2018년 4월 8일 일요일

탐색: 신용카드// processing fees, rebate or refund


※ 발췌 (excerpts):

출처 1: Beware Credit Card Processing Fees, Especially Refunds (Practical Ecommerce, Jul 2013)

Merchants periodically send me their credit card processing agreements afterthey have negotiated new pricing with their existing provider or when changing providers. ( ... ... )

How Does the Provider Handle Customer Refunds?

You must know how the provider handles a credit refund transaction. This is esp important for ecommerce merchants since they typicallly initiate more refunds than brick-and-mortar businesses. When you credit your customer, the interchange fee--the largest part of the processing fee--is refunded back to the provider.

Some providers return the refunded interchange to the merchant and only charge a small fee to route the refund. Some providers keep the interchange and charge a transaction ee. And some not only keep the interchange but also charge the merchant an additional processing fee and transaction fee on the refund. The difference in these three ways of handling refunds can have a large impact on your cost. Say you had $10,000 in credit card refunds and each refund was for $100. The first refund method shouldn't cost you more than $20. The second method would cost you around $250. The third method would cost you around $500. This cost is even more significant when you consider that you made $0 in actual sales.

( ... ... )


출처 2: Who Pays for Credit Card Rewards and Rebates? (The Finance Buff, Apr 2007)

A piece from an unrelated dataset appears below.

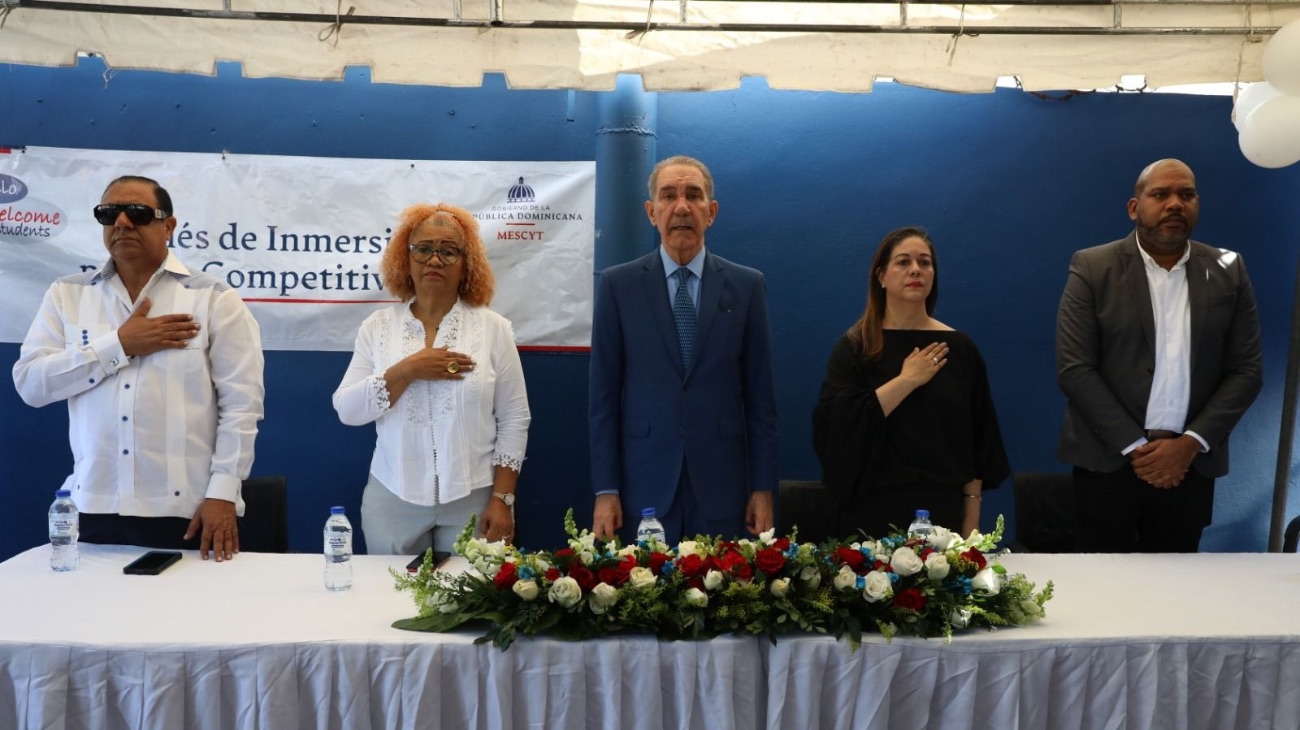 Mescyt implementa programa Inglés por Inmersión en Santo Domingo Este para mejorar la empleabilidad de jóvenes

There is debate about whether one should charge everything on credit cards for reaping the rewards (cash rebate or miles) or pay everything by cash (and by debit card and checks). In this post I examine the source of the credit card rewards. ^Who pays for them?^

I see four potential candidates:

 1. The credit card companies;
 2. The establishments which accept credit cards, i.e., stores, restaurants, etc. ("merchants");
 3. Other credit card holders who pay interest charges to the credit card companies;
 4. Myself.

Let's take a look at each one.

1. The credit card companies. The credit card companies pay for the rewards directly to me, but they are unlikely the source. For each charge I make, the credit card companies levy a fee on the "merchant" which accepts my charge. The fee they charge to the merchants is larger than the rebate they pay to me. The fee is also larger if I use a reward card than if I use a non-reward card. So the cost of rebate is build into the credit card companies' pricing structure.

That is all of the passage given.